Your instructions
Leave the pictures out and reproduce, exactly, the lines from the one with "2018 International LT625 LT photo 10" through the end of the entries below.

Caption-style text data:
§ §

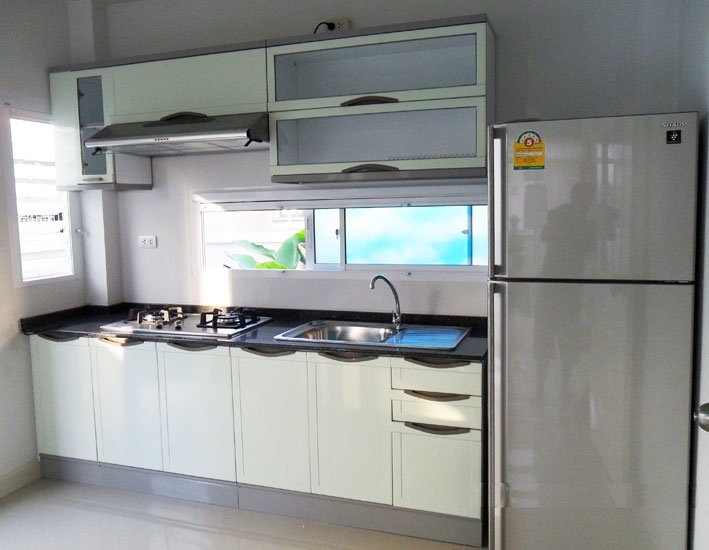 ตู้ครัวอลูมิเนียมบิวท์อิน36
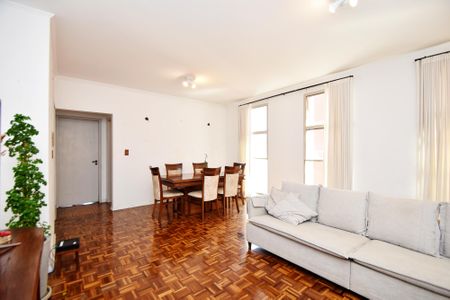 Apartamento à venda com 120m², 2 quartos e 1 vagaSala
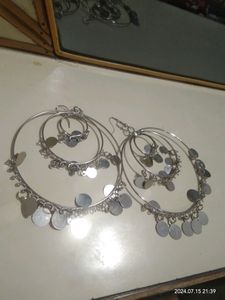 Earring
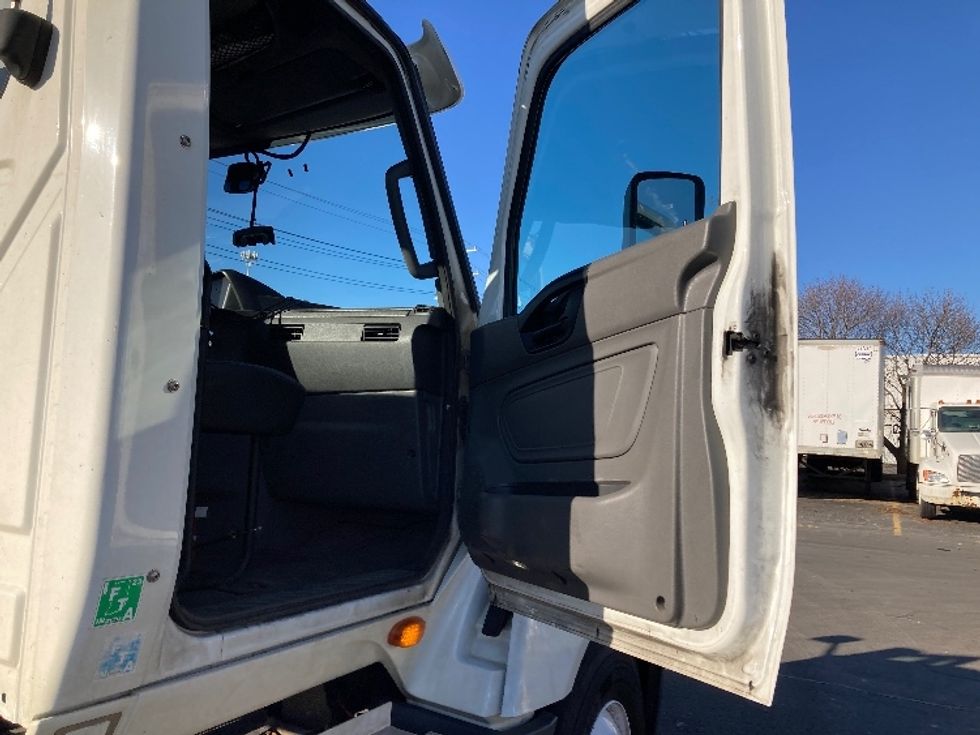 2018 International LT625 LT photo 10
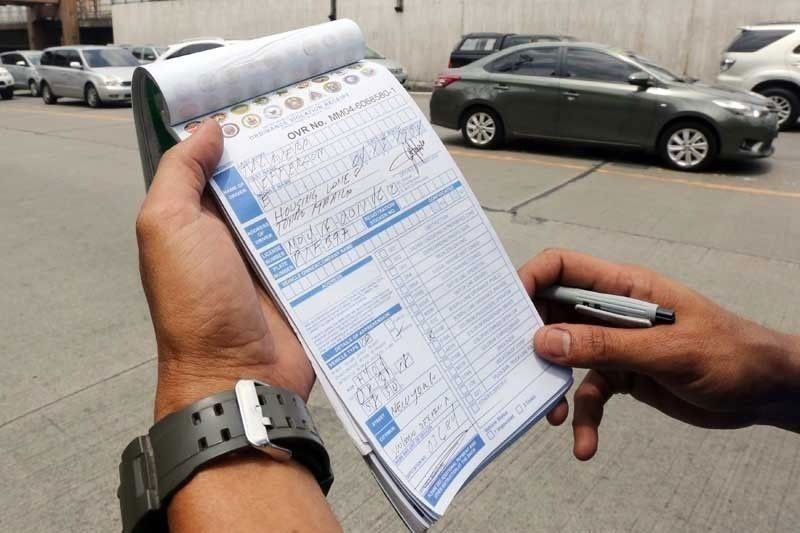 Traffic enforcers ng LGUs bawal mag-isyu ng violation ticket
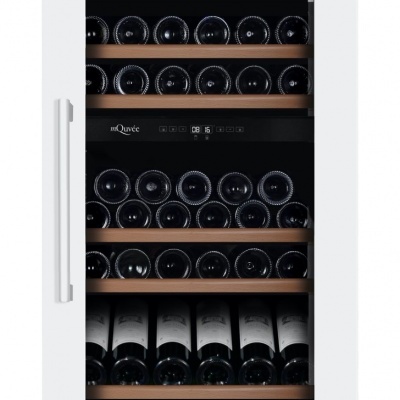 Frigorífico de vinho branco com portas de vidro e garrafas na horizontal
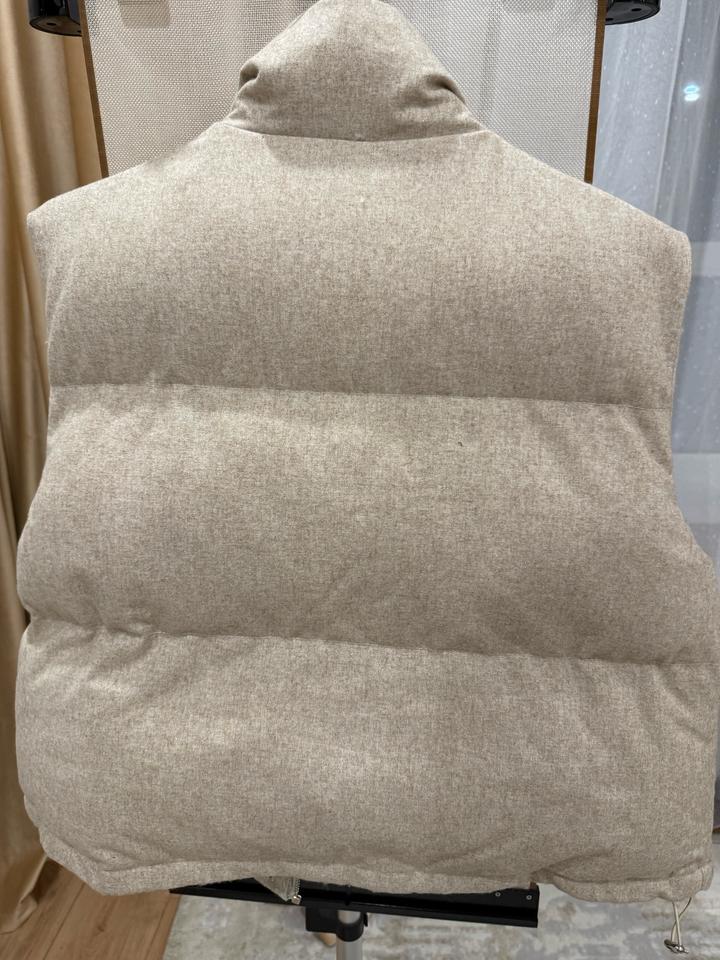 Базовая безрукавка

§ §

Output below
 2018 International LT625 LT photo 10
 Traffic enforcers ng LGUs bawal mag-isyu ng violation ticket
 Frigorífico de vinho branco com portas de vidro e garrafas na horizontal
 Базовая безрукавка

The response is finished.